Glen Coates | Photographer
The journey in brief and the significance of "Kahu"
In my younger days I was always captivated by panoramic images that took in the horizon just beyond the peripheral vision of the human eye. In the early 1990s, before the advent of the panoramic camera, I began learning to capture that effect on film. The first images were published in card and poster form through our new business Kahu Publishing.
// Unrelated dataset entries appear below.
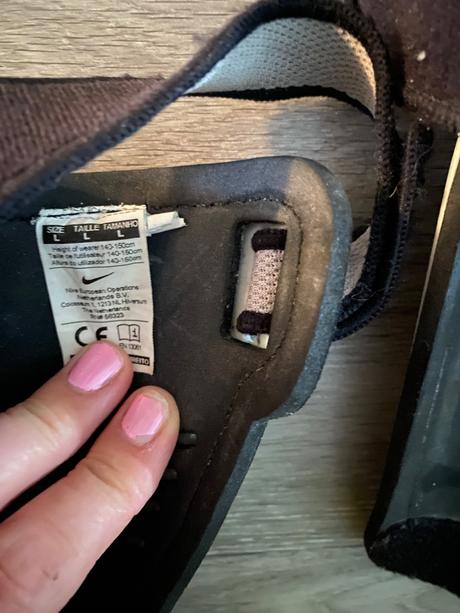 Chrániče nike pre 10-12 ročnych, 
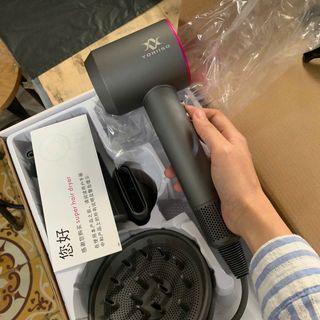 XẢ LÔ MÁY SẤY TÓC CAO CẤP YOHIISO – MẪU HOT TREND KIỂU DYSON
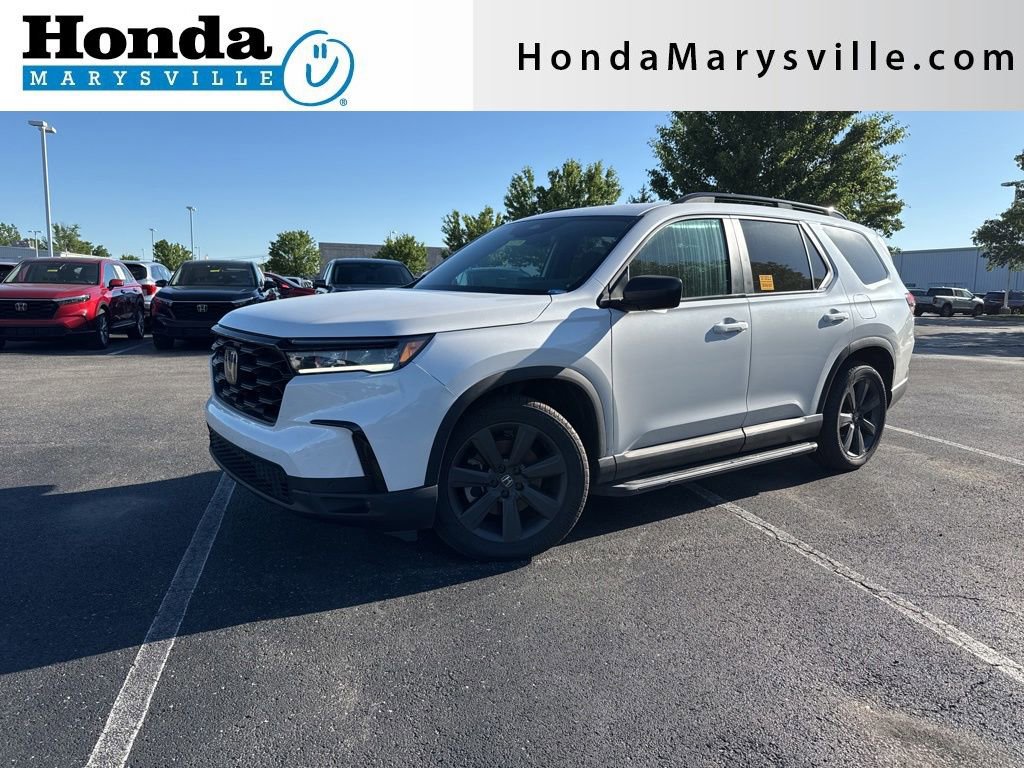Used 2025 Honda Pilot Sport image 1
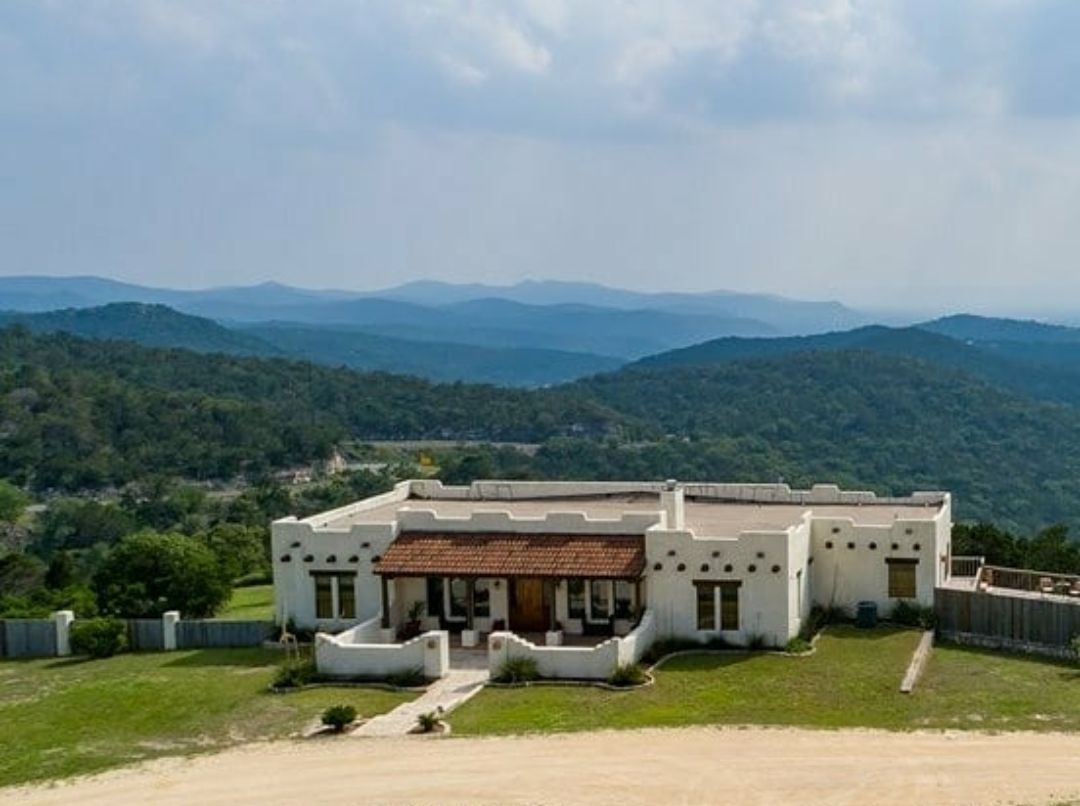 200 acres in Real County, Texas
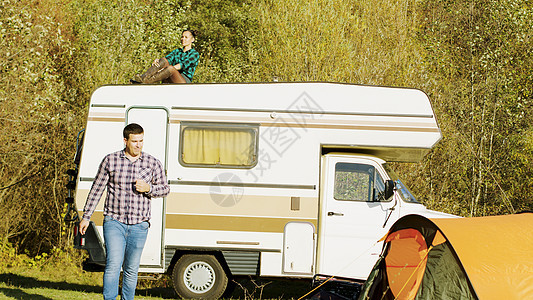 年轻女孩在山旷野的旧式露营车上放松休闲森林帐篷自由活动音乐男人快乐潮人旅行图片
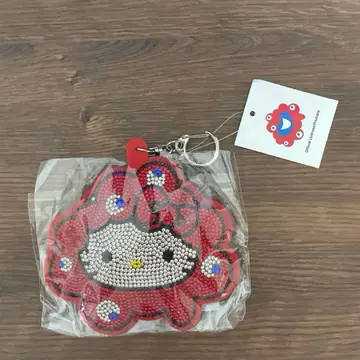 간사이 만박 산리오 키티 x 미야쿠미야쿠 키라키라 키링 크리스탈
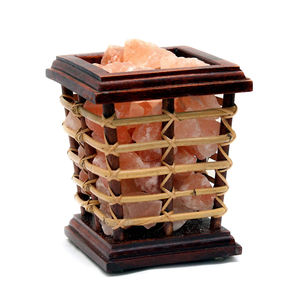 Lampe au sel naturel de l'Himalaya sculptée pour décoration intérieure moderne avec base en bois, artisanat de style amoureux, beau design de panier - Product Image 3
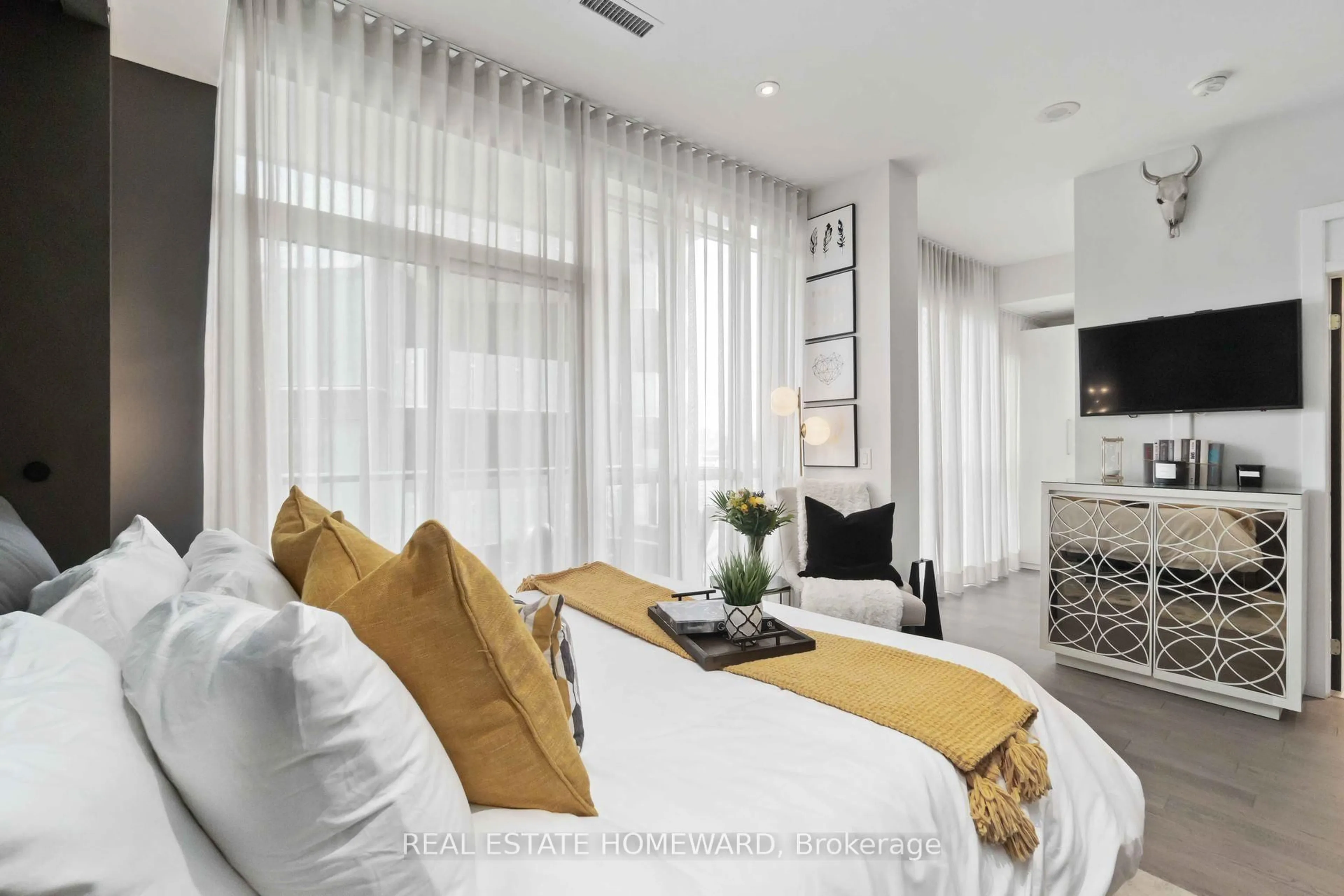 Bedroom with bed, unknown for 32 Davenport Rd #1401, Toronto Ontario M5R 0B5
Back then in 1993 our home was in Kahu Road, Christchurch. When we learned that "Kahu" was Maori for the Harrier Hawk we quickly took "Kahu" as a distinctive name and logo for our publishing company. A bird that can soar effortlessly on rising air was an inspiring symbol, and the hawk’s superb vision from high in the sky had a certain parallel with our own quest to capture detail on film from high ground. As fate would have it, eventually I took to the air myself, taking my panoramas from helicopter. It seemed the best way to get the views I was looking for and it turned out to be a breakthrough. My photography went in a whole new direction. It was some time later I suddenly realised the symbolism of the Kahu was now complete.
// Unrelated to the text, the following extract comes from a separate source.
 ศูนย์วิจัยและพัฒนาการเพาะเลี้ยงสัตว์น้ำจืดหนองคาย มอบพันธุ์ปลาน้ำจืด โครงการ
Today my portfolio of high-resolution panoramas includes most of the national parks and many popular destinations around NZ. It has been rewarding to see the longevity of my images and the wide range of products that appeal to Kiwis and visitors alike. It has also been very exciting to see some of my 150MB images printed at super large sizes up to 7 metres
The challenges of taking aerial panoramas
“For most people, buzzing around in a helicopter is an exciting prospect, but from a photographer’s perspective, it can be a rather hair-raising experience. For a starter there is no door on the chopper and it’s usually freezing cold because the clearest conditions are early morning after a frost when the air is cold and dry. Once up there the strong down-draft adds to the chill. It may be 10 or 20 minutes to your desired location. Then, as you search for the perfect position it’s costing you $20.00 a minute. Before long you can’t feel your fingers on the camera and it’s as noisy as hell. When it comes to taking your shot(s) it’s seat-of-the-pants stuff on a moving platform - the pilot holds the craft in a hover as you guide him through a slow half-rotation. With a little luck you manage to press the shutter at exactly the right moments.
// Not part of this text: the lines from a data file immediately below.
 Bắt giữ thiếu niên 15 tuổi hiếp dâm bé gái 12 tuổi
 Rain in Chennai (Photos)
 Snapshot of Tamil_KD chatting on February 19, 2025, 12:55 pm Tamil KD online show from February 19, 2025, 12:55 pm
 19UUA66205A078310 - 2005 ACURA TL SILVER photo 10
Once back on the ground you still don’t know if you got the shot. It’s not so bad now with digital cameras because you can check the frames and there’s no limit to how many you take. But in the days of film it wasn’t much fun if you ran out of loaded film-backs and had to thread a new spool in the chopper.
But I have to say, it was quite a buzz on those occasions when you did get the shot and you saw it for the first time stitched to perfection!”